Source material:
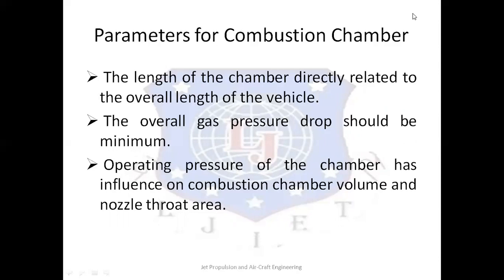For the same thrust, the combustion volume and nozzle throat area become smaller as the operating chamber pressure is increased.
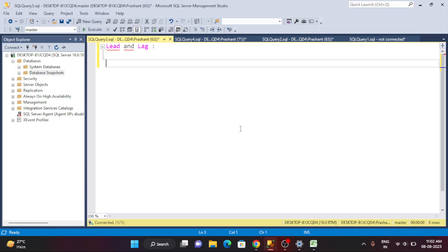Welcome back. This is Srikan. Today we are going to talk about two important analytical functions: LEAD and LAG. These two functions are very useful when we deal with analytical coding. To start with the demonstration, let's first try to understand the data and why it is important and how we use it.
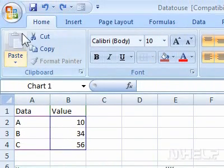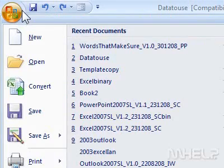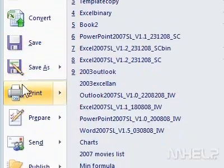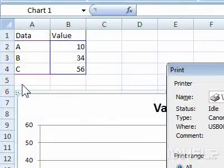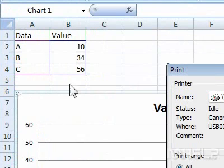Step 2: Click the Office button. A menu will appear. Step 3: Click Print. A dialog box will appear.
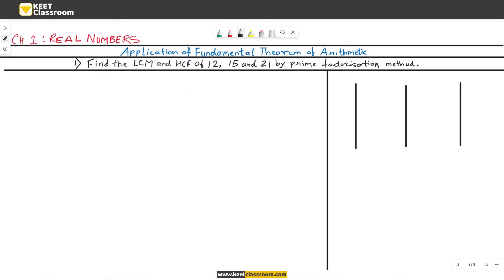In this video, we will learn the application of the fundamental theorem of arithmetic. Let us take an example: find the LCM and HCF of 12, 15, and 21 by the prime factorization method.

---

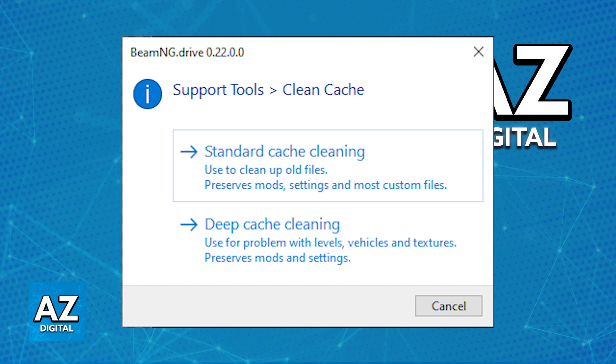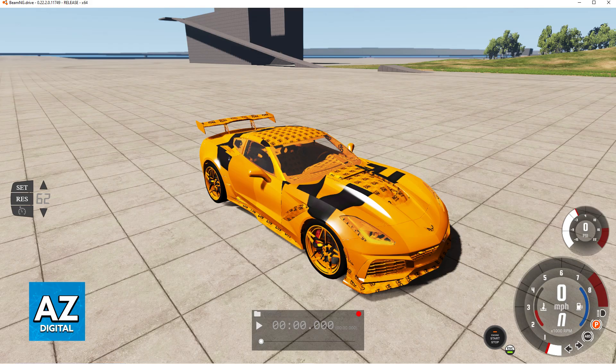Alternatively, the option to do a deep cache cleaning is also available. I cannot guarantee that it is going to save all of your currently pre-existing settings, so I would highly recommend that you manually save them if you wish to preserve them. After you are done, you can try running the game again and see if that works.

==

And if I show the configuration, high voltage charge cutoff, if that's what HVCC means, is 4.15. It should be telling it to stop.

Instructions to follow:
Return, exactly as they stand, the lines above from the one with "Step 2: Click" to the one with "In this video, we", omitting any pictures among them.

Solution for this task:
Step 2: Click the Office button. A menu will appear. Step 3: Click Print. A dialog box will appear.
In this video, we will learn the application of the fundamental theorem of arithmetic. Let us take an example: find the LCM and HCF of 12, 15, and 21 by the prime factorization method.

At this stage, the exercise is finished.